**Recorded information**
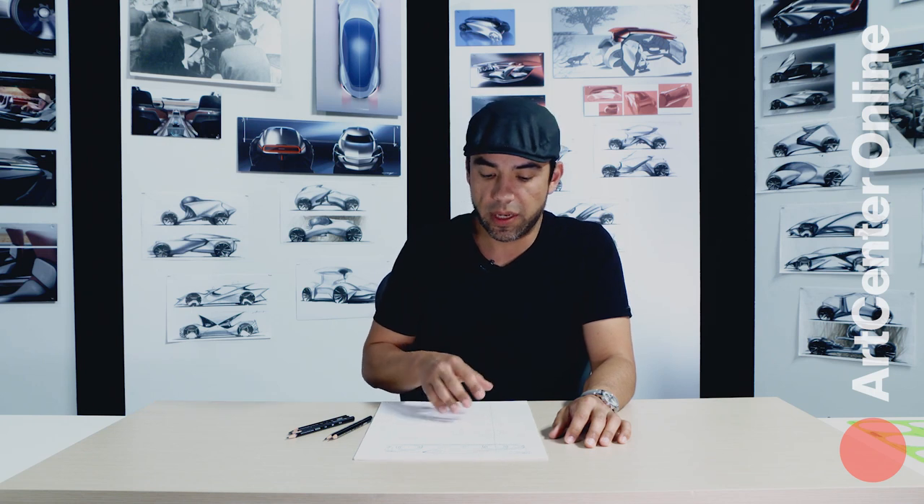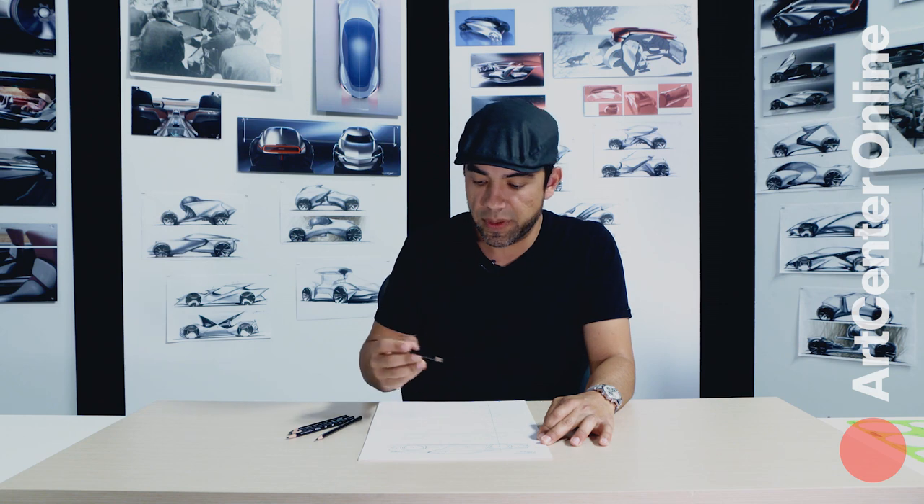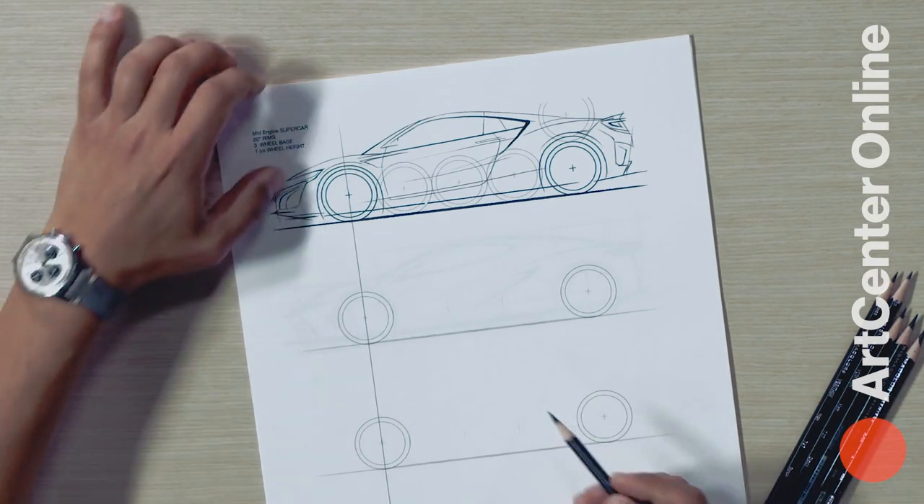In this video I would like to show you how to do an overlay of a mid-engine supercar, and we're going to shade with the pencil to quickly communicate your designs.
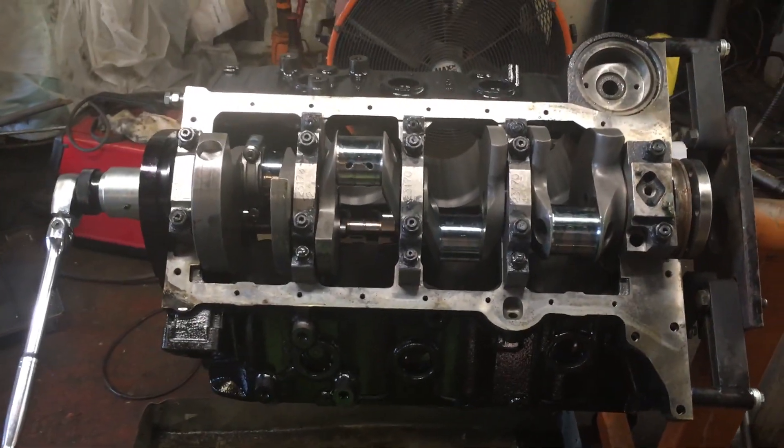Hey guys, it's been a while since I've been on video and just wanted to say thanks for your patience. This video is going to vlog our progress on the bottom end build of the small block Chevrolet 406. We got the crank installed, did some quick measuring on clearances, got number one piston put in, got the cam put in, and did the degreeing of the cam to verify everything — and all is good.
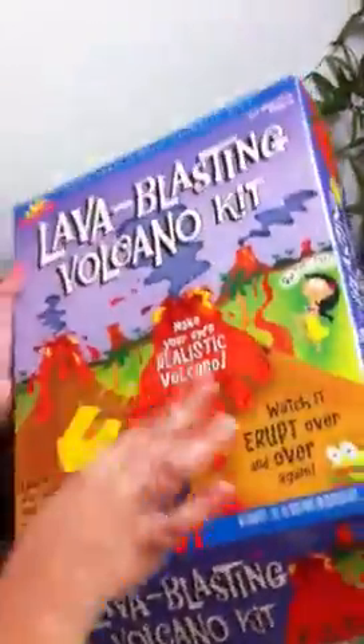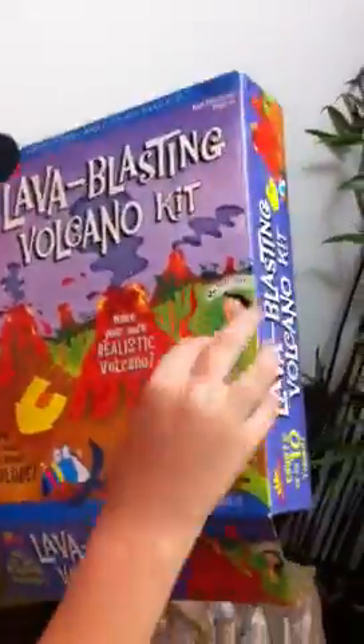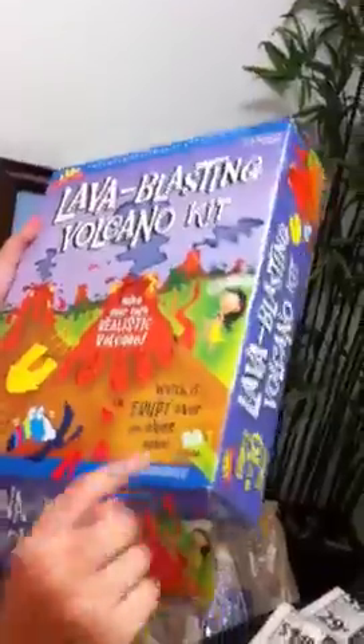This is the box that it came in — sorry, that was just the Ziploc baggie that you get the food coloring in. The food coloring, we used it all up. There are three volcanoes in this — wait, there's actually five: a house exploding, a Hawaiian girl freaking out, a frog, and a toucan. On the back you see a little boy there about to explode himself, I think. You know what science does to you, don't you?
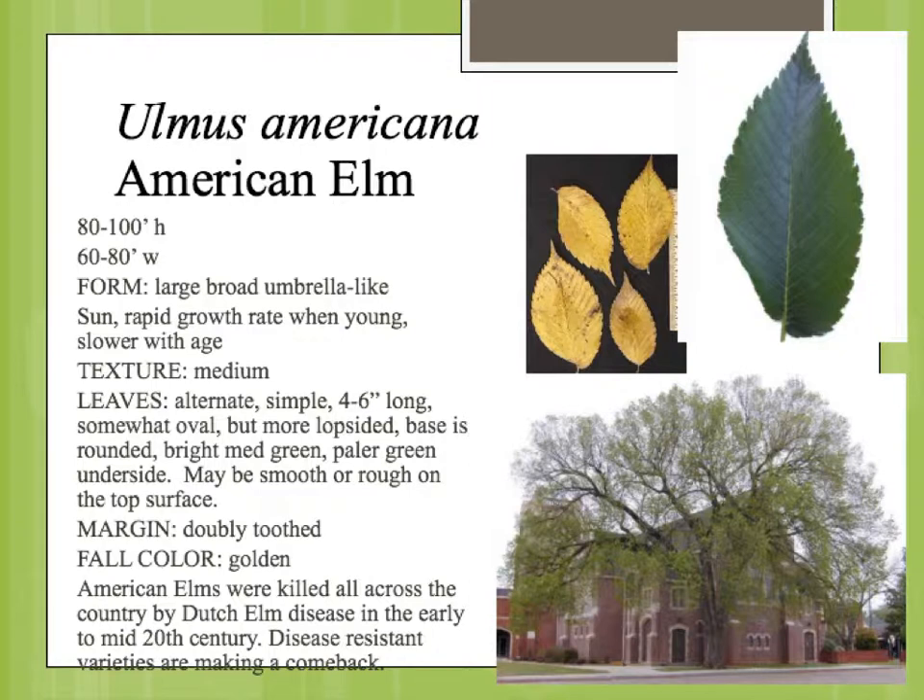So since then, disease-resistant varieties have been developed, replacements for the American elm, such as the lace bark elm, have become more popular. And also the notion that you shouldn't just plant one tree everywhere, because if something takes it out, it's going to take all of them out.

**What you should do**
The material must be restated verbatim. Its pictures must be omitted.

**Reply to the exercise**
In this video I would like to show you how to do an overlay of a mid-engine supercar, and we're going to shade with the pencil to quickly communicate your designs.
Hey guys, it's been a while since I've been on video and just wanted to say thanks for your patience. This video is going to vlog our progress on the bottom end build of the small block Chevrolet 406. We got the crank installed, did some quick measuring on clearances, got number one piston put in, got the cam put in, and did the degreeing of the cam to verify everything — and all is good.
This is the box that it came in — sorry, that was just the Ziploc baggie that you get the food coloring in. The food coloring, we used it all up. There are three volcanoes in this — wait, there's actually five: a house exploding, a Hawaiian girl freaking out, a frog, and a toucan. On the back you see a little boy there about to explode himself, I think. You know what science does to you, don't you?
So since then, disease-resistant varieties have been developed, replacements for the American elm, such as the lace bark elm, have become more popular. And also the notion that you shouldn't just plant one tree everywhere, because if something takes it out, it's going to take all of them out.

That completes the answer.